DATA SHOWN START
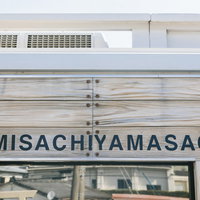 飫肥杉の板に白く刻まれた海幸山幸（UMISACHIYAMASACHI）の写真
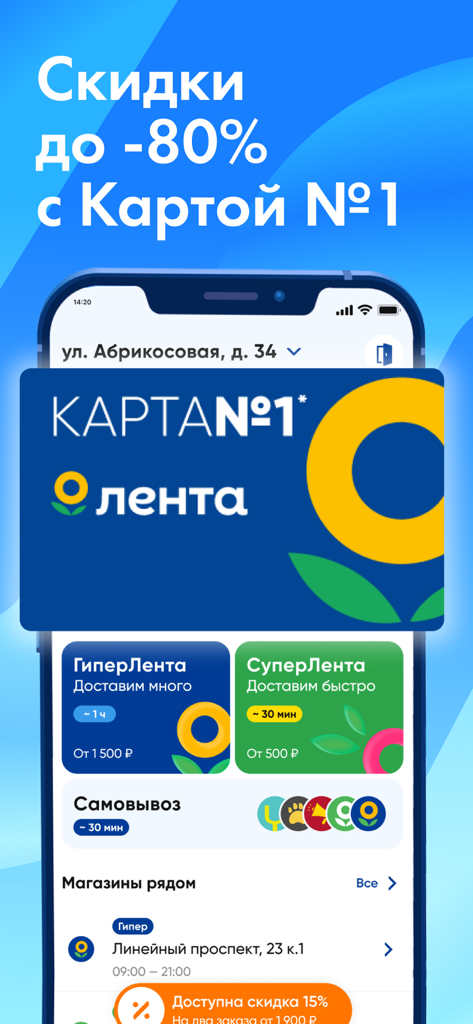 Lenta mobile App-Bildschirm mit einer virtuellen Treuekarte und Optionen für die Lebensmittellieferung auf Russisch
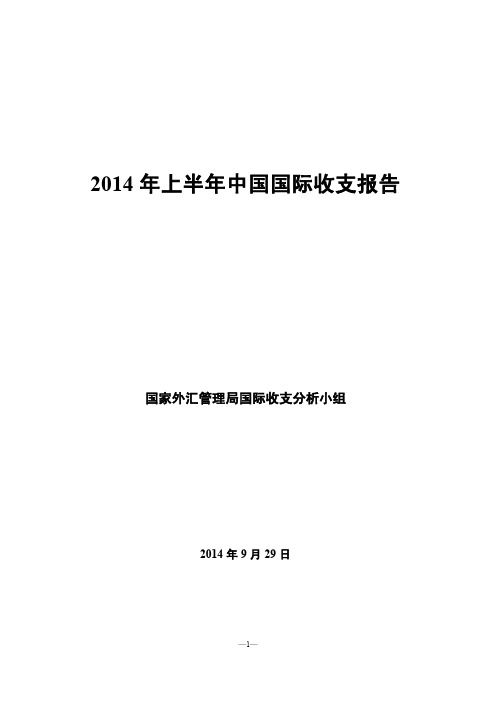 2014年上半年中国国际收支报告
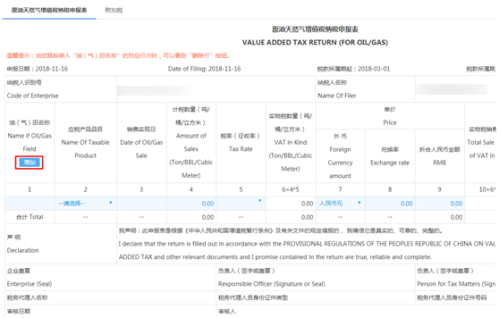 上海市电子税务局原油天然气增值税申报流程说明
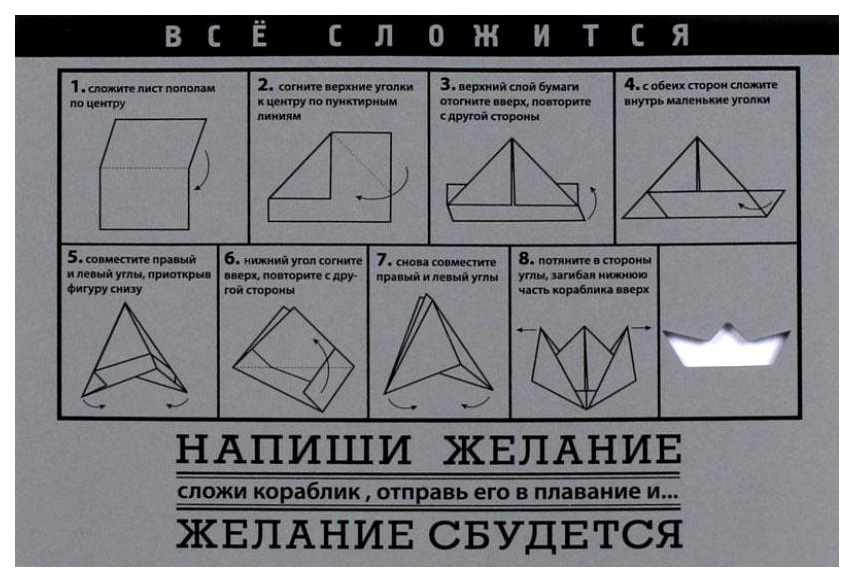 

Блокнот «Оригами. Кораблик»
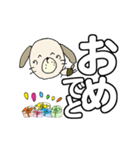 わん吉のありがと~Happy Birthdayでか文字（個別スタンプ：3）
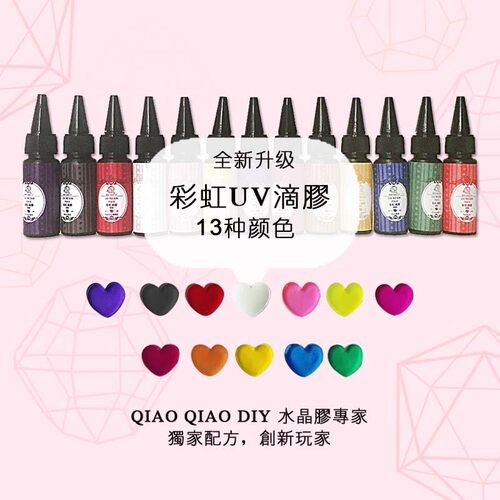 巧巧25克彩色滴胶免调色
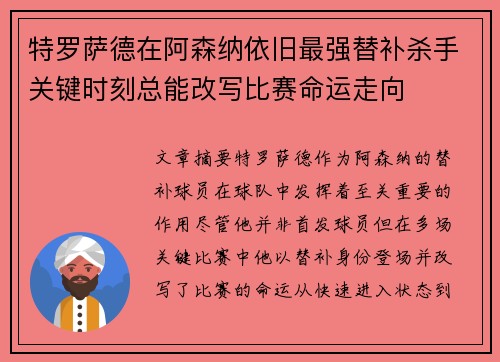 特罗萨德在阿森纳依旧最强替补杀手关键时刻总能改写比赛命运走向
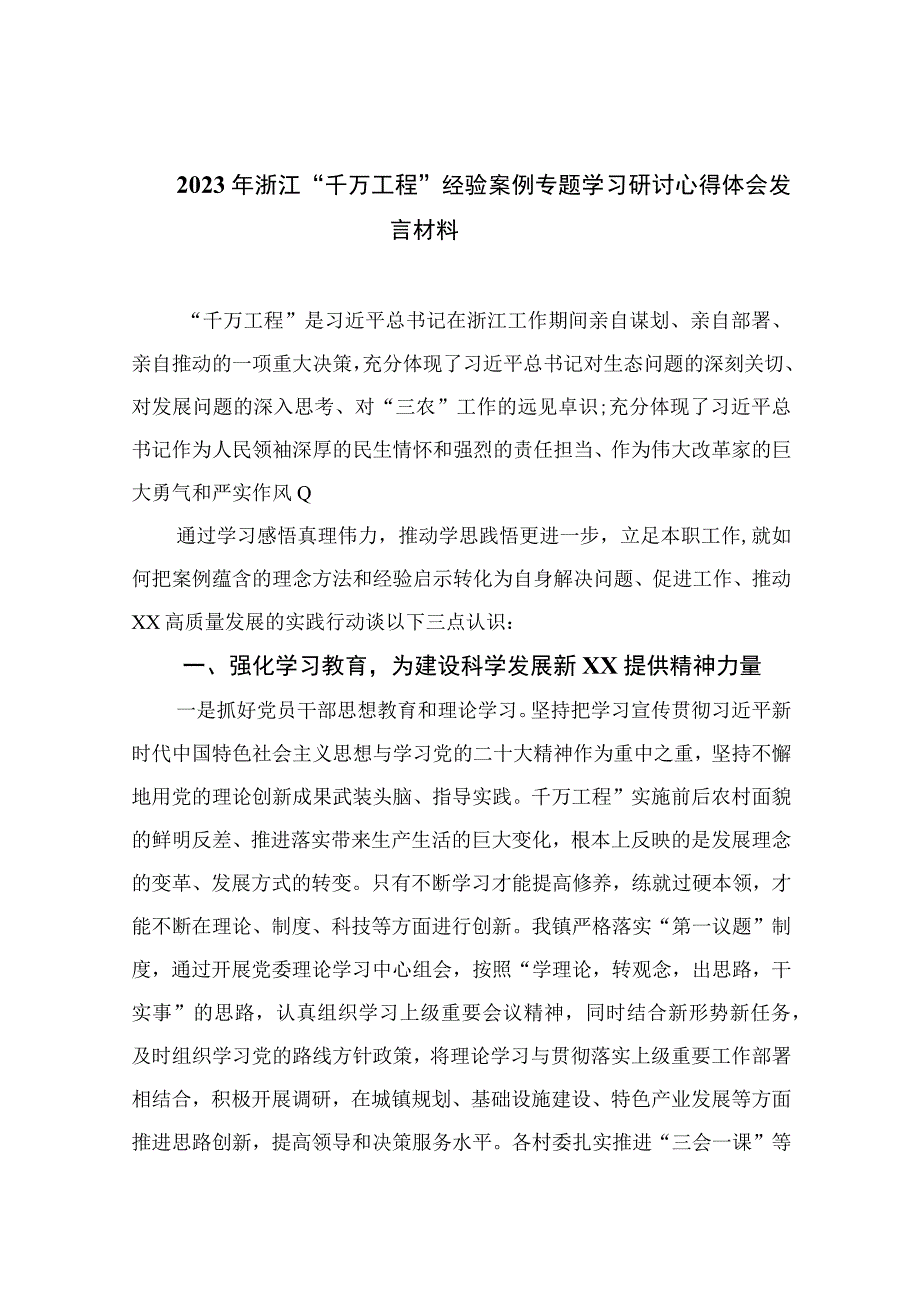 2023年浙江千万工程经验案例专题学习研讨心得体会发言材料范文最新精选版10篇.docx_第1页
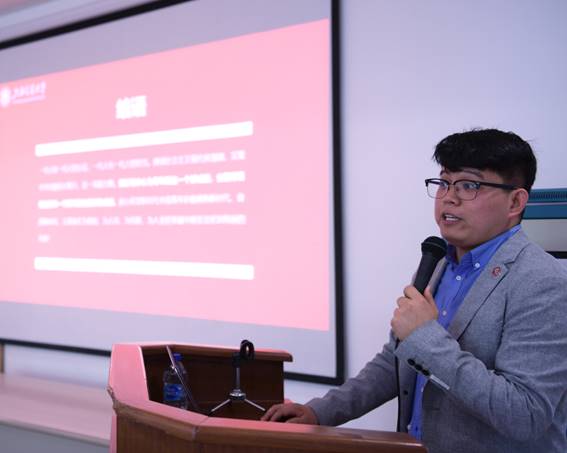 2019年5月16设计途游官网手机版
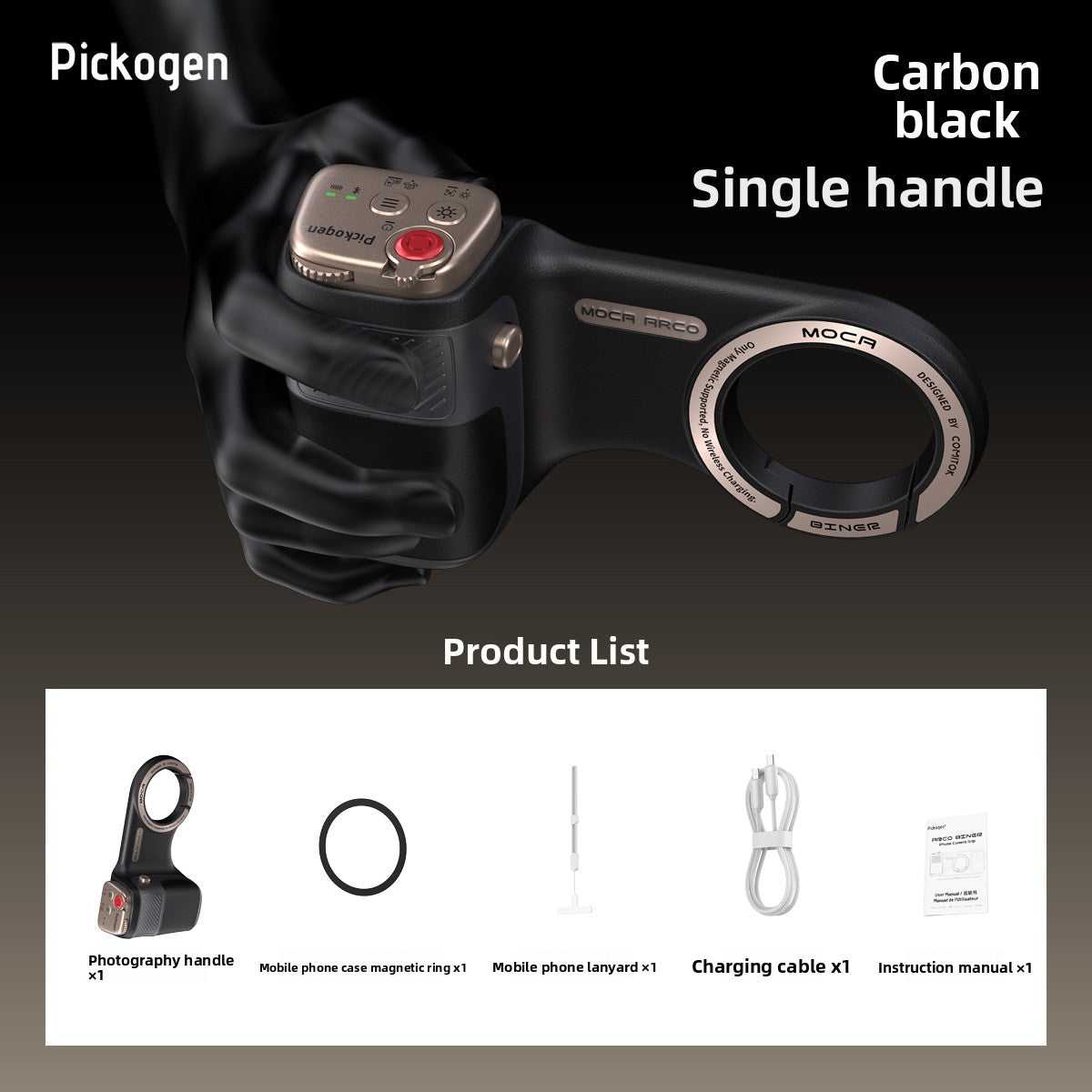 Phone Photography Grip with Bluetooth Remote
DATA SHOWN END
*PROBLEM REQUIREMENTS:* From the line containing "巧巧25克彩色滴胶免调色" to the last line of the records, inclusive, output the lines exactly as written and nothing else; leave out the pictures.

*RESULT FOR THIS EXERCISE:*
 巧巧25克彩色滴胶免调色
 特罗萨德在阿森纳依旧最强替补杀手关键时刻总能改写比赛命运走向
 2023年浙江千万工程经验案例专题学习研讨心得体会发言材料范文最新精选版10篇.docx_第1页
 2019年5月16设计途游官网手机版
 Phone Photography Grip with Bluetooth Remote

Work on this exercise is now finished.